Here's what Wikipedia says about the disaster
During the morning of Friday 25 September 1998, a pump supplying heated lean oil to heat exchanger GP905 in Gas Plant No. 1 went offline for four hours, due to an increase in flow from the Marlin Gas Field which caused an overflow of condensate in the absorber. A heat exchanger is a vessel that allows the transfer of heat from a hot stream to a cold stream, and so does not operate at a single temperature, but experiences a range of temperatures throughout the vessel. Temperatures throughout GP905 normally ranged from 60 °C to 230 °C (140 °F to 446 °F). Investigators estimated that, due to the failure of the lean oil pump, parts of GP905 experienced temperatures as low as −48 °C (−54 °F). Ice had formed on the unit, and it was decided to resume pumping heated lean oil in to thaw it.
When the lean oil pump resumed operation, it pumped oil into the heat exchanger at 230 °C (446 °F) - the temperature differential caused a brittle fracture in the exchanger (GP905) at 12.26pm. About 10 metric tonnes of hydrocarbon vapour were immediately vented from the rupture. A vapour cloud formed and drifted downwind. When it reached a set of heaters 170 metres away, it ignited. This caused a deflagration (a burning vapour cloud). The flame front burnt its way through the vapour cloud, without causing an explosion. When the flamefront reached the rupture in the heat exchanger, a fierce jet fire developed that lasted for two days ......

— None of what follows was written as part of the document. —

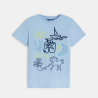 T-shirt manches courtes brodé bleu ciel Garçon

Peter Wilson and John Lowery were killed in the accident and eight others were injured.....Esso blamed the accident on worker negligence, in particular Jim Ward, one of the panel workers on duty on the day of the explosion.  The findings of the Royal Commission, however, cleared Ward of any negligence or wrong-doing. Instead, the Commission found Esso fully responsible for the accident:
So what might cause apparent "operator error" or "worker negligence" as Wikipedia puts it, in cases like this?  The disaster happened when hot oil was pumped into the cold exchanger, which was the wrong thing to do, but why did the operators do this? The book mentions what it calls "latent conditions" which can cause operators to make poor decisions, such as "poor design, gaps in supervision, undetected manufacturing defects or maintenance failures, unworkable procedures, clumsy automation, shortalls in training, less than adequate tools and equipment (which) may be present for many years before they combine with local circumstances and activate failures to penetrate the system's many layers of defences".

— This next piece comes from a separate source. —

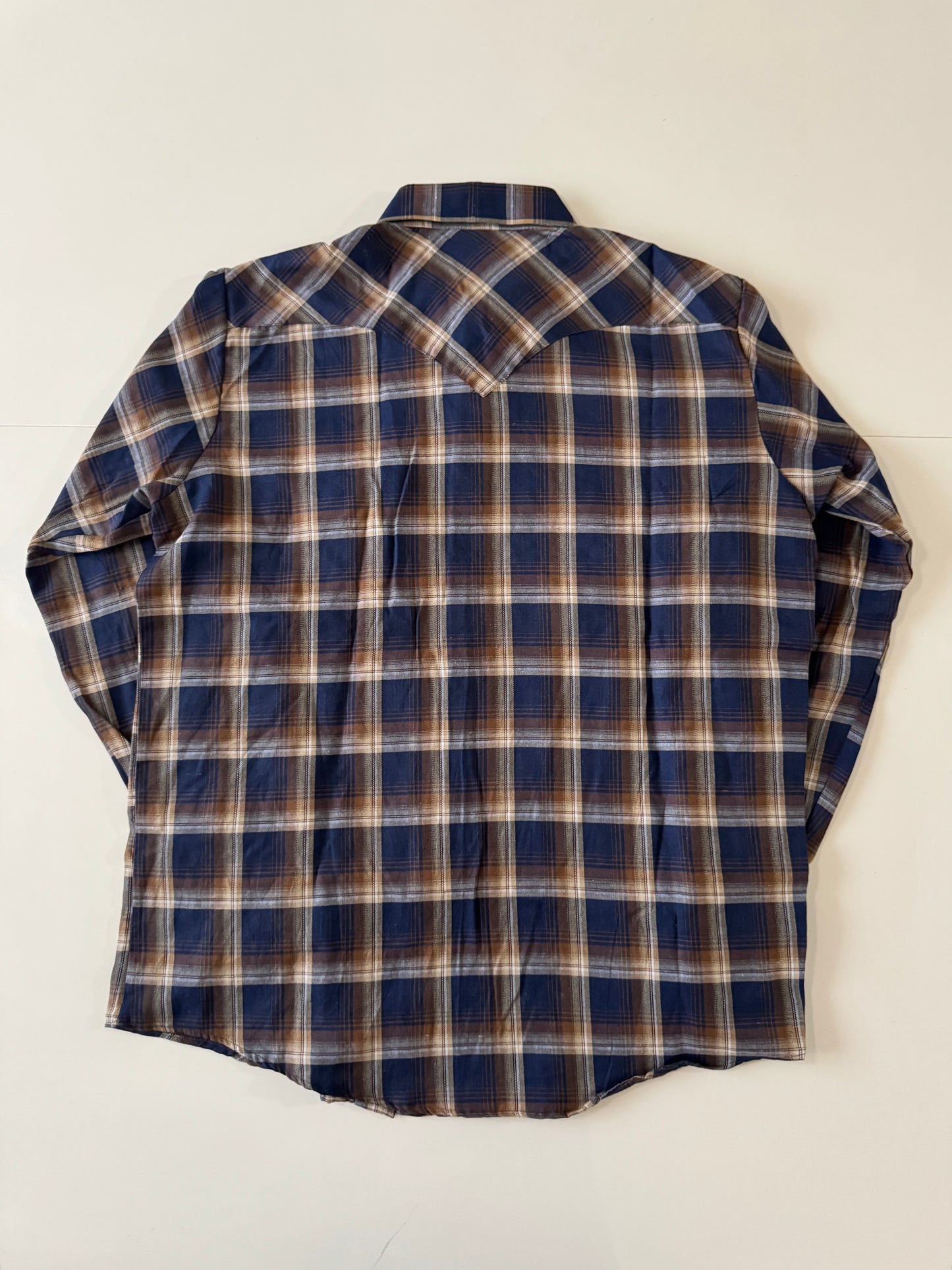 Camisa vaquera cafe de cuadros, Talla L, Hombre, Red Rider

If an operator does not have the correct training, or the correct procedures, for example, then they do not have the means to make the correct decision, and so may end up making mistakes through ignorance. If they do not have the knowledge they need to make an effective decision, then any error they make could be argued to be not their fault. The failure could therefore be seen to be a failure of the knowledge management system, for not providing the operators with the knowledge they need to avoid the error, to make the correct decision, or to take the necessary preventative action when things go wrong.

In knowledge management terms, the investigative commission found these three contributory factors (again, according to Wikipedia), which talk to a lack of knowledge on behalf of the operators, lack of access to more skilled knowledge, and lack of communication of knowledge - all of them potential KM failures
  • inadequate training of personnel in normal operating procedures of a hazardous process;
  • the relocation of plant engineers to Melbourne had reduced the quality of supervision at the plant;
  • poor communication between shifts meant that the pump shutdown was not communicated to the following shift.

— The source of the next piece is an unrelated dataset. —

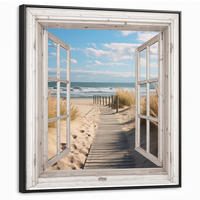 LEINWAND Bilder mit Rahmen - Fenster - Meer - Küste - Natur - Ausblick - Strand - Wattenmeer - 90x90 - Beige, Textil (90/90cm) - MuchoWow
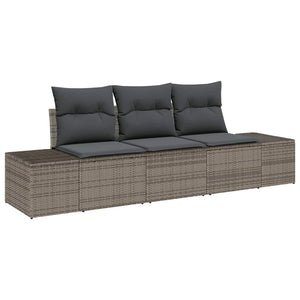 Set Divano da Giardino 3 pz-Sofa da Giardino-Divanetto da esterno Grigio polyrattan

The following quote from the book is a statement from the operator himself, and you can hear from the language he uses that this was way outside his experience and knowledge base.
"Things happened on that day that no one had seen at Longford before. A steel cylinder sprang a leak that let liquid hydrocarbon spill onto the ground. A dribble at first, but then, over the course of the morning it developed into a cascade ... Ice formed on pipework that normally was too hot to touch. Pumps that never stopped, ceased flowing and refused to start. Storage tank liquid levels that were normally stable plummeted ... I was in Control Room One when the first explosion ripped apart a 14-tonne steel vessel, 25 metres from where I was standing. It sent shards of steel, dust, debris and liquid hydrocarbon into the atmosphere".
In a situation like this, where operator error can be lethal and operator error through ignorance cannot be allowed, effective knowledge management (in the sense of ensuring that people have access to the knowledge they need, at the time they need it, in order to make correct decisions) is not just a nice-to-have; it's a life saver.